Open damienpontifex opened 3 years ago

damienpontifex commented 3 years ago

Community Note

Description

Searching around and I couldn't find an equivalent for Current Workspace Interpolation in terraform-cdk. Currently we use this in terraform for environment suffixes and would be nice to transfer that capability across to our usage with cdktf

cmclaughlin commented 3 years ago

I was chatting with @jsteinich about this yesterday... I was going to open an issue this morning, but you beat me to it :)

Not sure if you're seeing the exact same thing as me, but there are situations where the cdktf-cli hangs when Terraform prompts about workspaces. Here's an example:

$ CDKTF_LOG_LEVEL=DEBUG TF_WORKSPACE=qa cdktf deploy
[2020-09-17T15:40:32.112] [DEBUG] default - Terraform v0.12.29

[2020-09-17T15:40:32.578] [DEBUG] default - + provider.aws v2.70.0

[2020-09-17T15:40:32.579] [DEBUG] default -
Your version of Terraform is out of date! The latest version
is 0.13.2. You can update by downloading from https://www.terraform.io/downloads.html

⠼ synthesizing ...
[2020-09-17T15:40:34.689] [DEBUG] default - REGION is not set. Defaulting to "us-east-1".

⠹ initializing my-stack-qa-us-east-1...
[2020-09-17T15:40:35.369] [DEBUG] default - 2020/09/17 15:40:35 [DEBUG] Using modified User-Agent: Terraform/0.12.29 cdktf/0.0.17 (+https://github.com/hashicorp/terraform-cdk)
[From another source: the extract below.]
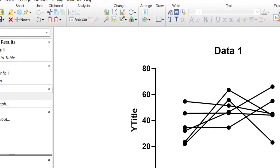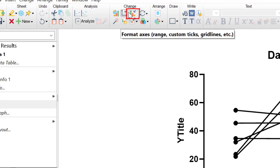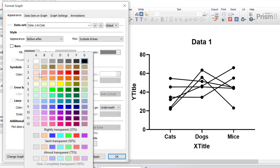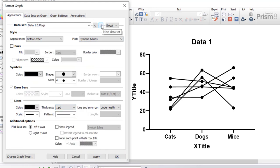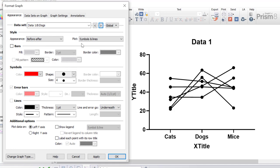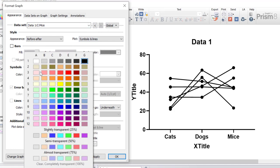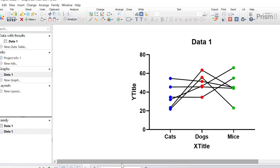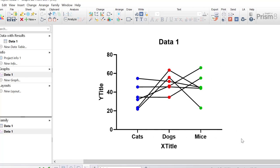The first thing I want to do is change the symbol colors to a specific color for each group. I'm going to go to the format graph button at the top and with the cats group selected I'm going to change the symbol color from black to blue, then toggle to dogs and change it to red, and then change mice to green. So now we have different colors attached to each group's data.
2020/09/17 15:40:35 [DEBUG] Using modified User-Agent: Terraform/0.12.29 cdktf/0.0.17 (+https://github.com/hashicorp/te⠸ initializing my-stack-qa-us-east-1...
[2020-09-17T15:40:35.389] [DEBUG] default -

[2020-09-17T15:40:35.389] [DEBUG] default - Initializing the backend...
⠸ initializing my-stack-qa-us-east-1...
[2020-09-17T15:40:37.103] [DEBUG] default -

[2020-09-17T15:40:37.103] [DEBUG] default - The currently selected workspace (qa) does not exist.
  This is expected behavior when the selected workspace did not have an

[2020-09-17T15:40:37.103] [DEBUG] default -   existing non-empty state. Please enter a number to select a workspace:

  1. default

[2020-09-17T15:40:37.103] [DEBUG] default -
⠴ initializing my-stack-qa-us-east-1...
# This hangs...

Sorry to conflate these, but I think this is generally related to another problem I've seen initializing state with cdktf deploy - if there are changes to the state, Terraform prompts and cdktf-cli hangs on this too:

[2020-09-17T15:39:22.236] [DEBUG] default - Do you want to copy existing state to the new backend?

[2020-09-17T15:39:22.236] [DEBUG] default -   Pre-existing state was found while migrating the previous "s3" backend to the

[2020-09-17T15:39:22.236] [DEBUG] default -   newly configured "s3" backend. No existing state was found in the newly

[2020-09-17T15:39:22.236] [DEBUG] default -   configured "s3" backend. Do you want to copy this state to the new "s3"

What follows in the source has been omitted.